Set down the data that follows, exactly and completely.

Top of Available data

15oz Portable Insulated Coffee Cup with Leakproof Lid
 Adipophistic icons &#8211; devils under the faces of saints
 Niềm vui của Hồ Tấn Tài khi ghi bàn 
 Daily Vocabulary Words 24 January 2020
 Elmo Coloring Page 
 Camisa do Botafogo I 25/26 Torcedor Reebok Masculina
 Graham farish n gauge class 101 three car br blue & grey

Bottom of Available data

Result for this task:
15oz Portable Insulated Coffee Cup with Leakproof Lid
 Adipophistic icons &#8211; devils under the faces of saints
 Niềm vui của Hồ Tấn Tài khi ghi bàn 
 Daily Vocabulary Words 24 January 2020
 Elmo Coloring Page 
 Camisa do Botafogo I 25/26 Torcedor Reebok Masculina
 Graham farish n gauge class 101 three car br blue & grey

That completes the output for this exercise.